Spurrier made a financial contribution to the Red Cross on Tuesday morning and urged “many other that are in position” to do the same during his weekly Tuesday news conference.
“It’s sort of interesting, some parts of town are not affected at all and some others are completely flooded,” Spurrier said. “We’re fortunate out where I live, no problems getting in and out. Other areas, certainly have been a tragedy. Our thoughts and prayers are with them and we appreciate all the work the Red Cross and other agencies are doing.”

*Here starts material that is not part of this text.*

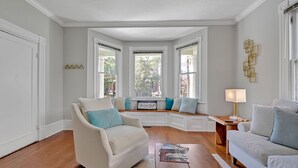 A living room with a beige sofa, a wooden coffee table, and a white armchair. There are windows with white frames and a view of trees outside. - Savannah Suite on Front (Wilmington)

None of the team’s players or coaches were injured or received any significant damage because of the flooding, senior safety Isaiah Johnson and Spurrier said. The Gamecocks met as a team Monday night, but practiced indoors in a small ballroom adjacent to Williams-Brice Stadium because of the weather.
“We all send our prayers out to those who are affected by this, but Saturday we have to focus on the game,” linebacker T.J. Holloman said. “I know there are going to be a lot of emotions surrounding the game, a lot of people are going to be affected by this, but we have to come all together and put this behind us.”